> _THE TASK_: All of the listing below must be repeated word for word. Pictures are the only thing to omit.

> _DATASET SECTION_:
..........

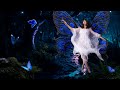 大島しゅうじ写真家チャンネル AI動画でーた2 Model : Osatoh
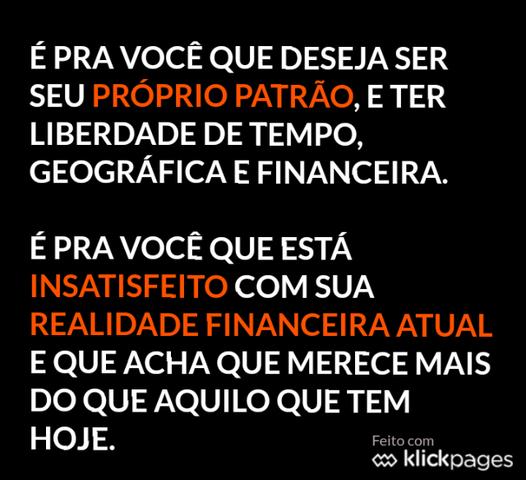 academia de milionários monetizze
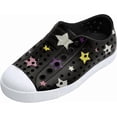 thumbnail image 1 of Native Shoes For Kids, Jefferson Print Toddler Sneakers, Little Kid Slip-On Sneakers, 1 of 3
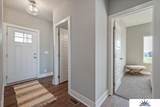 2915 Lakeside Drive - Photo 4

..........

> _YOUR RESPONSE_:
 大島しゅうじ写真家チャンネル AI動画でーた2 Model : Osatoh
 academia de milionários monetizze
 thumbnail image 1 of Native Shoes For Kids, Jefferson Print Toddler Sneakers, Little Kid Slip-On Sneakers, 1 of 3
 2915 Lakeside Drive - Photo 4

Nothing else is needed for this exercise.